What is needed. The answer must be the full data, restated word for word, with no pictures in it.

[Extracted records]
---------------

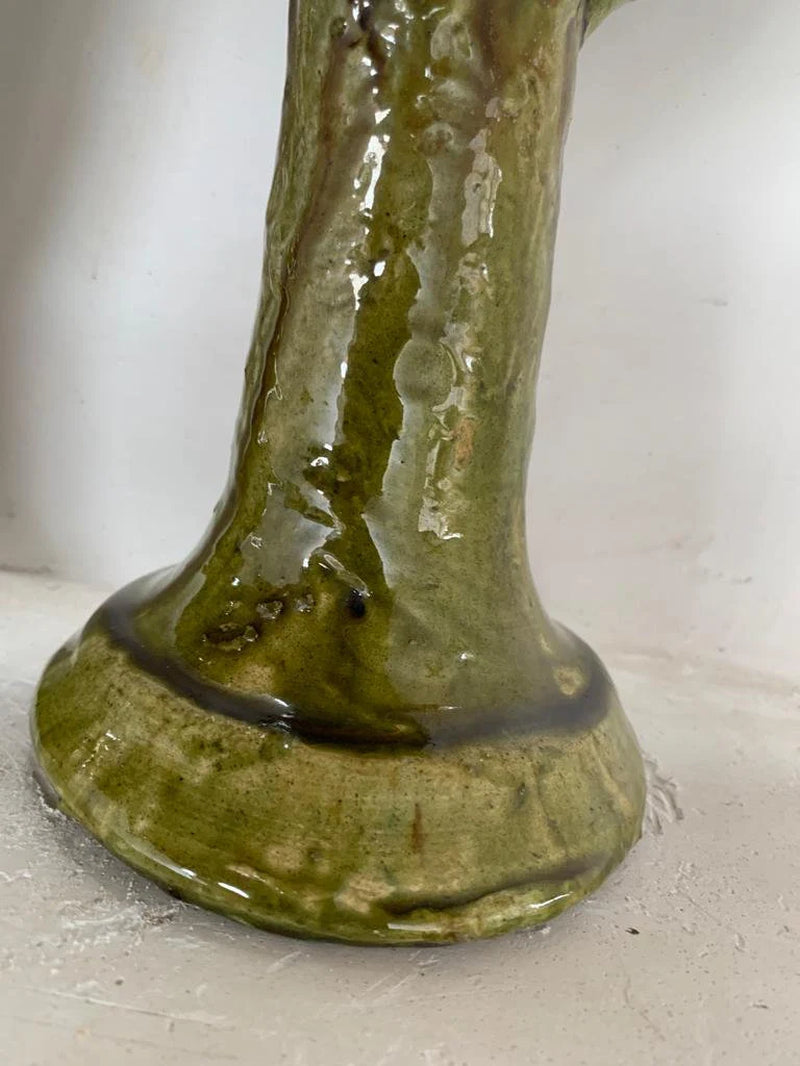 Natural Candle Holder, Candle Stick Holder
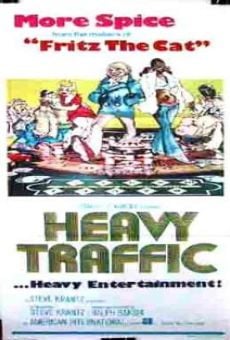 Ver película Heavy Traffic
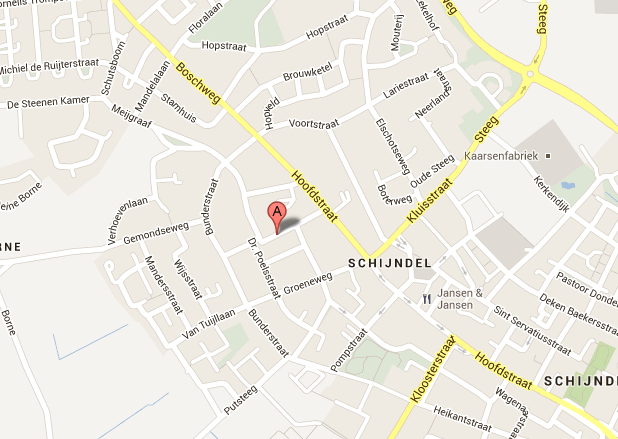 Routebeschirjving Transportschades.nl Routebeschirjving Transportschades.nl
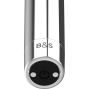 BLACK&SILVER - BALA VIBRANTE KAILAN 2 PRATA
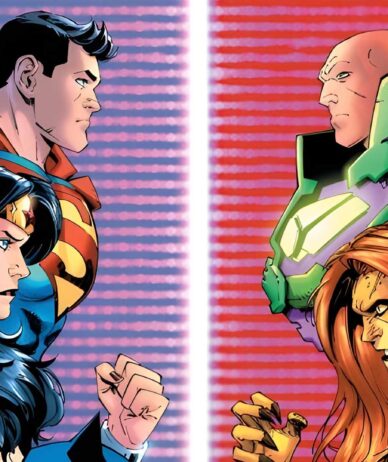 مهمان DC K.O. - Banner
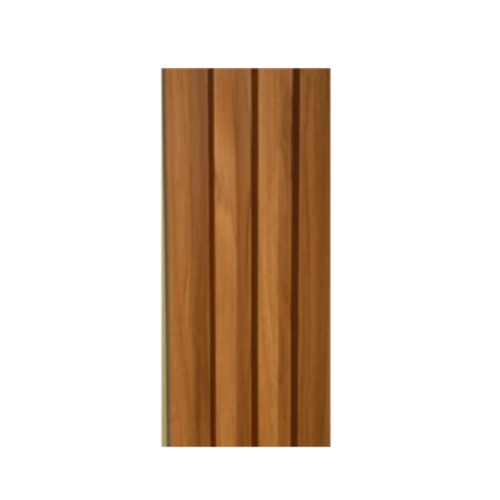 Wood Alternative Size 2.80 x 15 cm, Light Brown Color | 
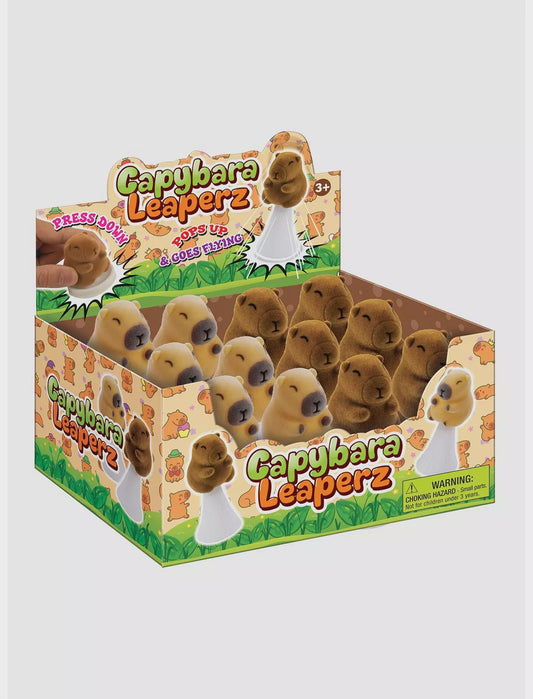 Capybara Leaperz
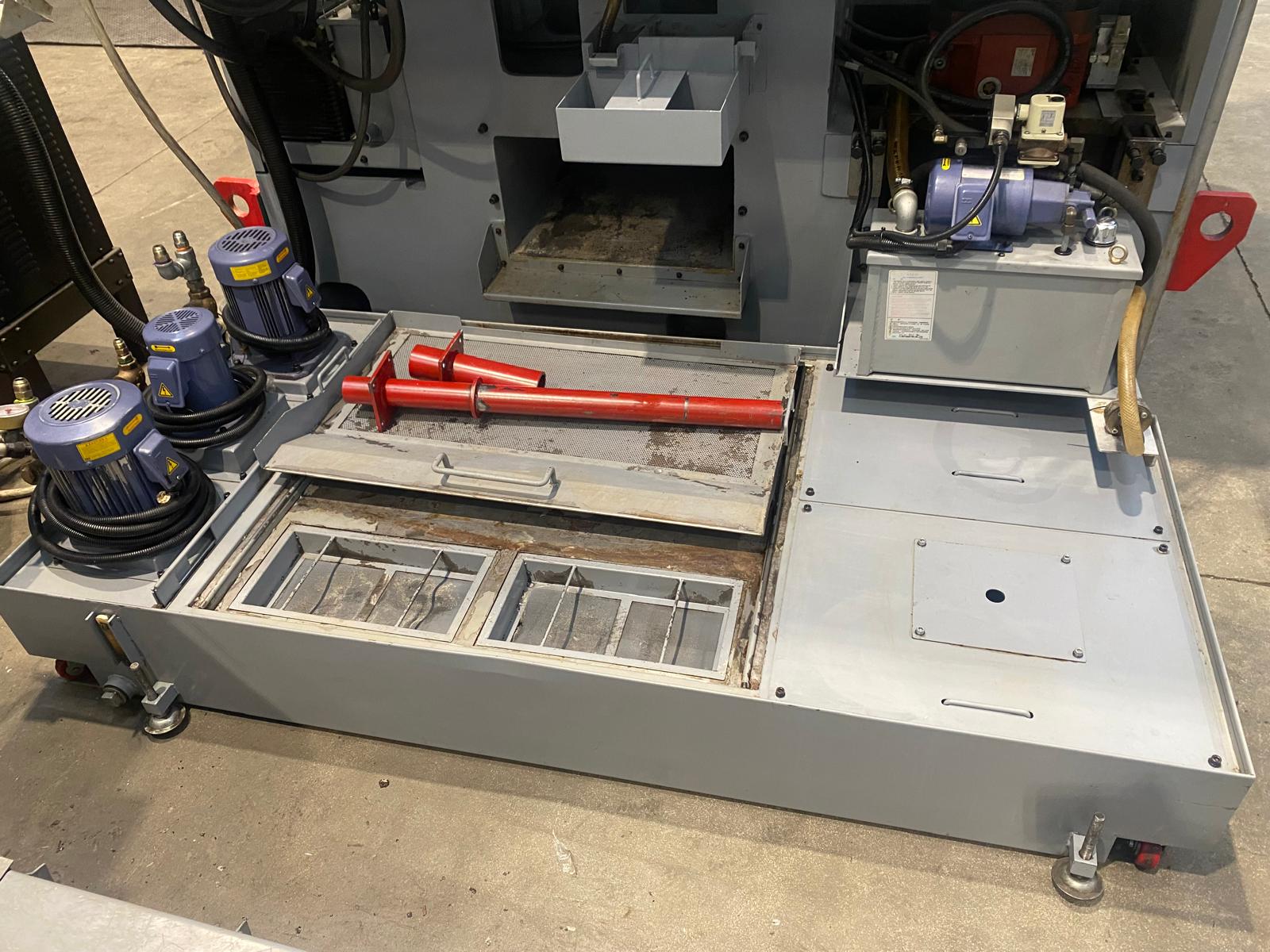 Usato 2007 Doosan VT-900M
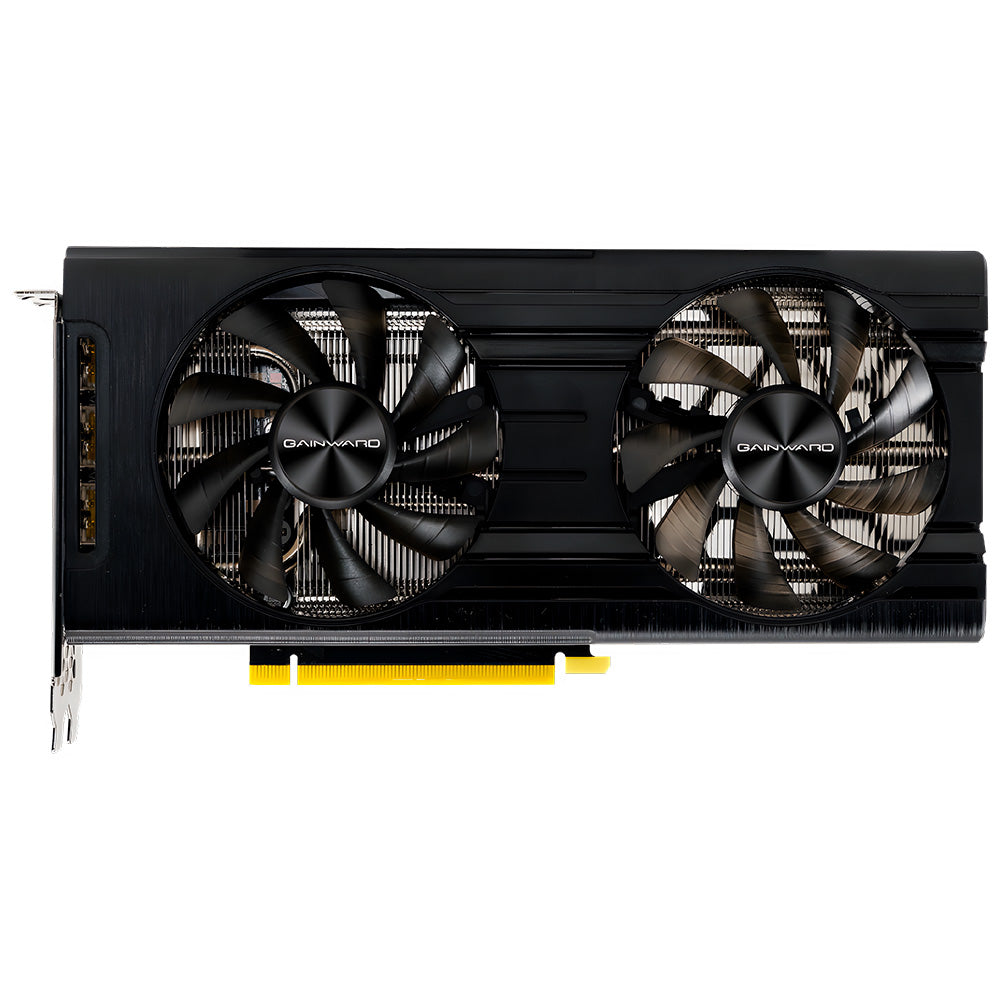 Placa de Vídeo Gainward NVIDIA GeForce RTX 3060 Ghost 190AU, 12GB GDDR6, 192 Bits, Dual FAN - NE63060019K9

---------------

Answer box.
 Natural Candle Holder, Candle Stick Holder
 Ver película Heavy Traffic
 Routebeschirjving Transportschades.nl Routebeschirjving Transportschades.nl
 BLACK&SILVER - BALA VIBRANTE KAILAN 2 PRATA
 مهمان DC K.O. - Banner
 Wood Alternative Size 2.80 x 15 cm, Light Brown Color | 
 Capybara Leaperz
 Usato 2007 Doosan VT-900M
 Placa de Vídeo Gainward NVIDIA GeForce RTX 3060 Ghost 190AU, 12GB GDDR6, 192 Bits, Dual FAN - NE63060019K9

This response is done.